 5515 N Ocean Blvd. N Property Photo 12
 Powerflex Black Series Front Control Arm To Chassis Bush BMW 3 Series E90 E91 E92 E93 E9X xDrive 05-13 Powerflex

----------------------------------------

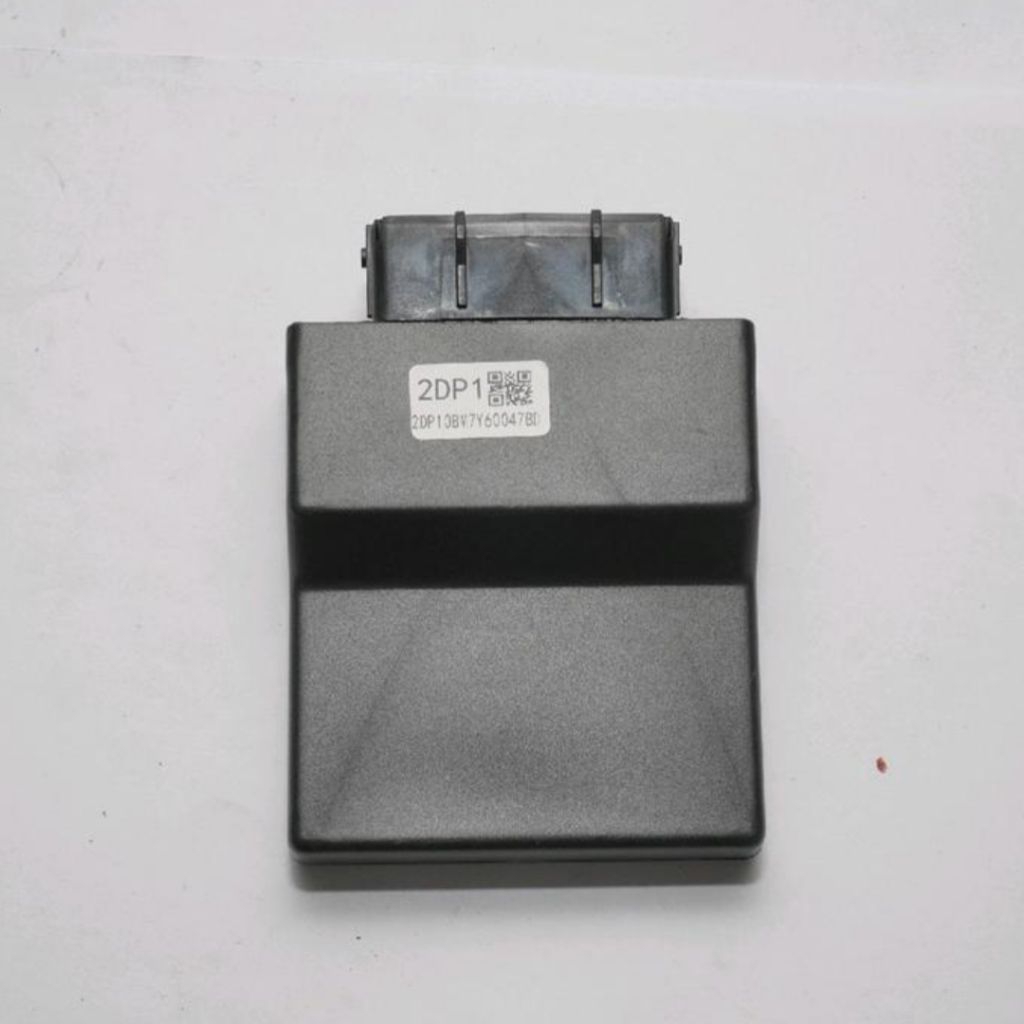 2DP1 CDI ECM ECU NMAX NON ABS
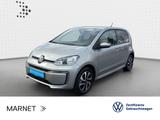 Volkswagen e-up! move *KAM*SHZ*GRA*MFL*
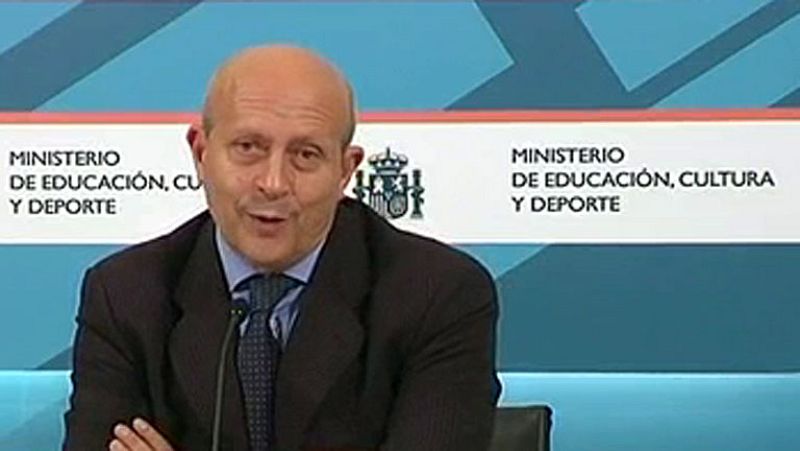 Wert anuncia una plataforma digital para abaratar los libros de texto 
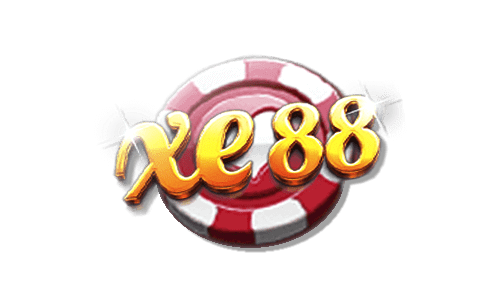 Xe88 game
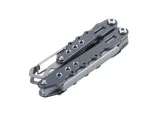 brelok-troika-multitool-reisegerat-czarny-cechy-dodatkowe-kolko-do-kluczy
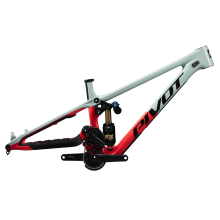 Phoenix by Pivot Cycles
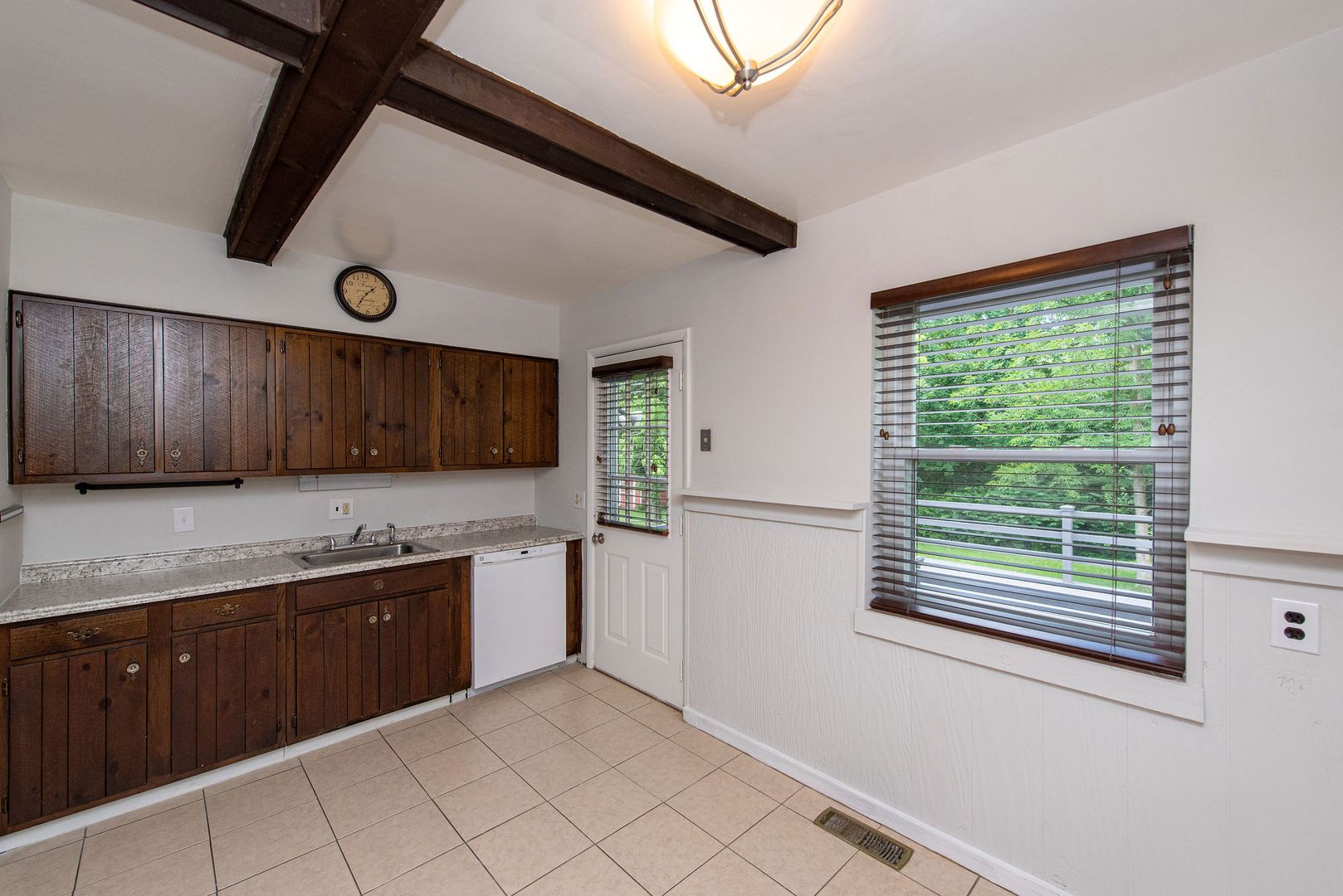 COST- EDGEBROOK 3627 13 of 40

----------------------------------------

Exercise
Both the line containing "5515 N Ocean Blvd. N Property Photo 12" and the line containing "Powerflex Black Series" belong in the answer. Print them and every line above that falls between them exactly, and no others.

Solution
 5515 N Ocean Blvd. N Property Photo 12
 Powerflex Black Series Front Control Arm To Chassis Bush BMW 3 Series E90 E91 E92 E93 E9X xDrive 05-13 Powerflex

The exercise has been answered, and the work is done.